И мне, как всегда, захотелось возразить: не мог Цезарю присниться плохой сон! Плохой у него была явь, и не она же ему снилась! Ему, конечно, виделось хорошее: он легкой и мощной полдневной тенью мчался по горячей африканской степи, мимо курчавых и приземистых, как кочны цветной капусты, округлых деревьев, он преследовал антилопу и уже рычал, настигая и занося лапу для своего единственного удара.
Когда несколько лет спустя Цезарь умрет, в Зоопарке появятся маленькие львята, родившиеся в клетках. Они вымахают в крупных львов, но никогда не вздумается им рычать по ночам, — они же не будут помнить того, что помнил старик Цезарь, и не привидятся им такие сны.
ОНИ ВЕДЬ НЕ УЗНАЮТ, ЧЕГО ИХ ЛИШИЛИ.
Спи-усни
Когда я проснулась, они все были уже на ногах (случай
Тиу-ти,
тиу-ти,
ти
Тиу-ти…
тиу~
Тягучее «тиу-ти» продолжалось, пока я при них при всех поднималась, а потом в одном белье бежала за формой и ботинками, со вчерашнего дня лежавшими в передней за сундуком. Все материно я еще ночью аккуратнейше вывесила на спинку стула, живое и здоровое. Одни прюнельки, за ночь ссохшиеся лепешками, непригодными более к носке, я зашвырнула далеко под кровать.

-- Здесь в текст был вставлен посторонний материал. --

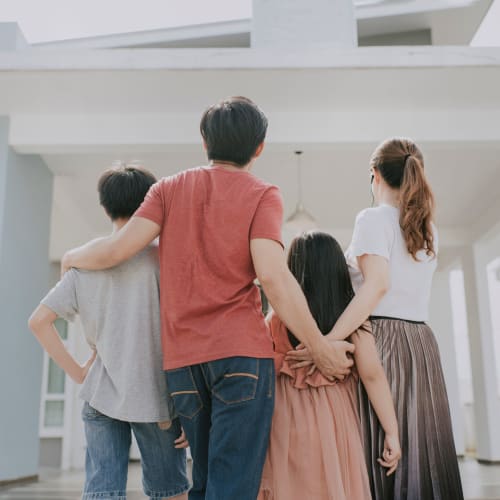 A family walking towards a home at Challenger Estates in Patuxent River, Maryland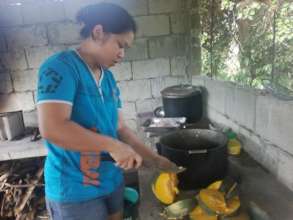 Moms cooking lunch for storm survivors at school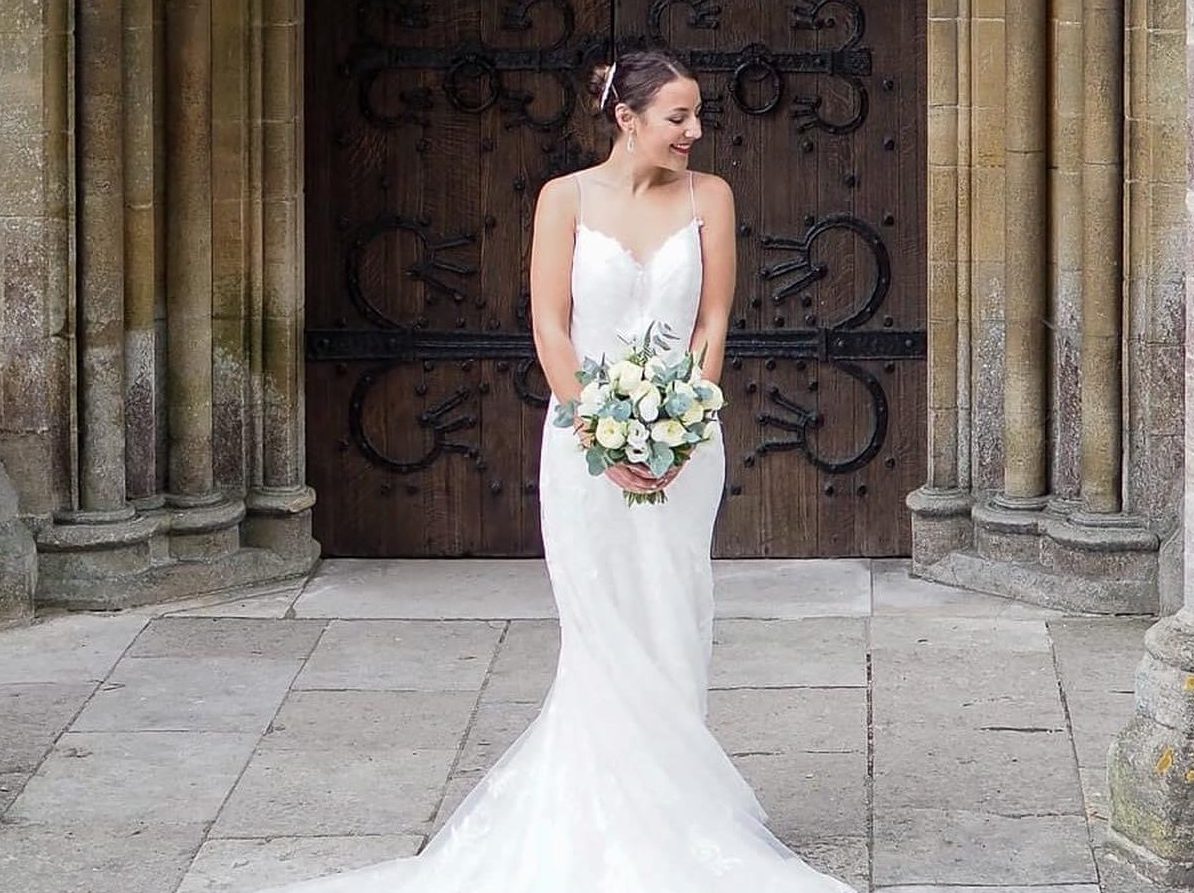 Bride in front of church door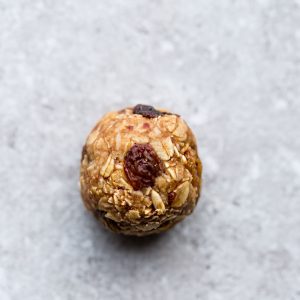 A Single Oatmeal Raisin Energy Ball Sitting on a Countertop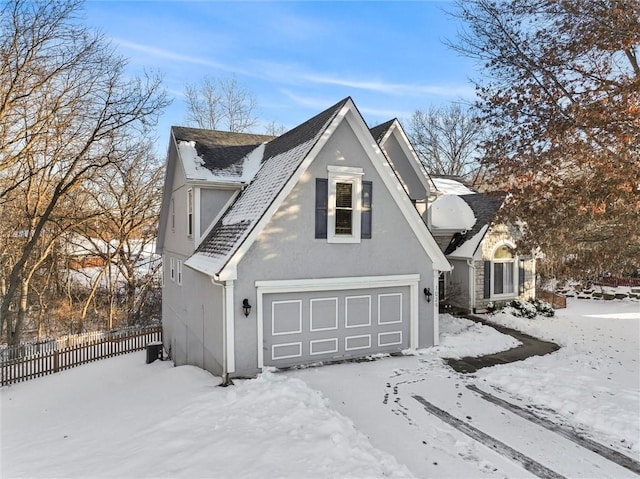 view of snowy exterior with a shingled roof, fence, and stucco siding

Мое вчерашнее, да и сегодняшнее, вставальное, раскаяние, намерение просить прощения постепенно исчезло: я начала уяснять себе свой новый статус. Меня перевели в категорию отверженных, даже невидимых и неслышимых, меня просто не было. Вернувшись вчера с нарушением всех установок в полночь, я ждала скандала, но была лишена и его. Вернись я хоть в три, никто не шелохнулся бы, как бабушка, которая вчера и головы не приподняла, когда я кралась по столовой мимо ее кровати к своей. Я могла бы с грохотом падать на колени, моля и вопя, могла бы, наоборот, всю ночь заводить «Пишамура», крутя пластинки и дотанцовывая, — меня бы одинаково не заметили. В переднюю, где я выуживала из-за сундука вещи и отчищала их щеткой от комьев пыли, просачивался тот же застольный оберегающий шепот, точно они все кого-то боялись обеспокоить, и беспрерывное репродукторное «тиу-ти». Со злобой задирая ноги поочередно на сундук и путанно шнуруя ботинки, я принялась подпевать скрипке подходящими, непроизвольно возникающими словами:
Спи-усни, спи-усни,
Засыпай, не вставай…
И услышала, как мать, уже не шепотом, а вполголоса, но тоже осторожно, приглушая четкость нравоучения, сказала бабушке:
— Все-таки позвольте вам заметить, мама, что во всем, что ее касается, вы всегда ошибались. Вы вообще ведете себя с нею непоследовательно, прошу прощения. Что до брани — вы ее не щадите, это правда, но на деле, по совести говоря, вы к ней просто слабы. А я боюсь, что тут нет не только элементарной порядочности и просто-напросто сердца, но и уважения к общим святыням. Вы слышите, она же, мягко говоря, кощунствует. Давно уже изволила пробудиться, не могла не слышать.
Я, очевидно, что-то проспала. Бабушка, услышала я, подшлепала к репродуктору, хрустя бумагой, пошуровала в нем, «тиу-ти» усилилось, потом резко оборвалось, и сострадающий, напряженный голос диктора сказал:
— Передаем правительственное сообщение о постигшем нашу партию и наш народ несчастье — тяжелой болезни товарища Сталина. В ночь на второе марта у товарища Сталина произошло внезапное кровоизлияние в мозг, захватившее жизненно важные области мозга, в результате чего наступил паралич правой ноги и правой руки с потерей сознания и речи. Второго и третьего марта были проведены соответствующие лечебные мероприятия, направленные на улучшение нарушенных функций дыхания и кровообращения, которые пока не дали существенного перелома в течении болезни.